Globally, there are around 386,000 fully electric buses in operation — and 99% of these are in China. The country is leading the green transport revolution, but mostly because it has to. China’s industrial zones are among the most polluted areas, forcing its government to invest in low emission transport.
China’s strategy for green transport is mirrored around the world, albeit on a smaller scale. New York City is currently piloting five electric buses, with a goal to transition by 2040. London plans to beat this target, by achieving an all-electric fleet by 2030. In fact, it is estimated that the number of electric buses globally is set to triple in the next seven years, and nearly half of all buses will be electric by 2025.
But, shifting from conventional diesel to electric buses isn’t easy, nor is it cheap. The sweeping change that occurred in China was supported by governmental and local subsidies. Before 2016, each electric bus launched in Shenzhen received a government grant for more than half the vehicle’s total cost.
Without this kind of support, it is unlikely that other nations will achieve such rapid change. Plans to reduce carbon emissions and meet enthusiastic targets mean the pressure is on to move to electric, but what is this likely going to cost?
Capital costs for electric buses can be up to four times that of conventional diesel models. What’s more, these vehicles also need costly new infrastructure to support constant charging. The batteries will require replacing at least once during the bus’ lifecycle and currently, batteries for these vehicles cost almost half the total price of an electric bus.
Clearly, embarking on an electric bus project can be very expensive, and this does not even consider the regular maintenance costs associated with upholding a municipal bus — electric or diesel.
Consider bus steering systems as an example. Large passenger vehicles are required to undertake long journeys, often carrying heavy weights. Therefore, the steering systems for buses have long remained an important investment, with the majority of manufacturers commissioning a bespoke design. During the transition to electric buses, steering systems will remain just as important to the drivability of the vehicle.
On average, a typical urban bus will operate for up to 85 hours per week, experiencing a multitude of weather conditions and varying terrains. To withstand this operation, bus and coach engineering specialists have traditionally developed bespoke steering systems to ensure these vehicles can remain agile when driving at speed, changing lanes or manoeuvring.
Electric vehicles will require the same agility in their steering. In fact, as some of these vehicles are being designed for autonomous driving, they may be required to operate for even longer hours. However, increasing costs for the electric-transition must not displace investment in quality engineered parts.
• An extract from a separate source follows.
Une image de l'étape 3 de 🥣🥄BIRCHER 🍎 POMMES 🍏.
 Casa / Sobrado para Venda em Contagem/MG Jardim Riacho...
Reduced investment in traditional parts could also result in extended downtime for bus maintenance. Due to the weight and size of standard buses, maintaining concealed parts can be costly and problematic. Take the bevel box for example. This contains vital grease to ensure low torque steering. Water ingression or grease displacement is an operator’s worst nightmare. To avoid this challenge, bus manufacturers have often chosen advanced bevel boxes, which once fitted, are sealed for life. Pailton Engineering’s most recent bevel box release was developed with improved sealing capabilities. The design is said to eradicate the likelihood of water ingression when exposed to salt, water and grit.
These traditional components have long remained a priority for manufacturers. However, the transition to electric vehicles could begin to decrease budgets for these essential parts, in favour of infrastructure changes and high capital costs required for electric vehicles. To maintain a successful electric fleet, vehicles must be of the same agility and quality as traditional diesel models.
Without government investment, it is unlikely that other nations will replicate China’s rapid uptake of electric buses. Instead, the transition will be gradual. It is estimated that almost half of the world’s buses will be electric by 2025. The technology is constantly developing, but one thing that shouldn’t change is that mechanical engineering should remain a priority.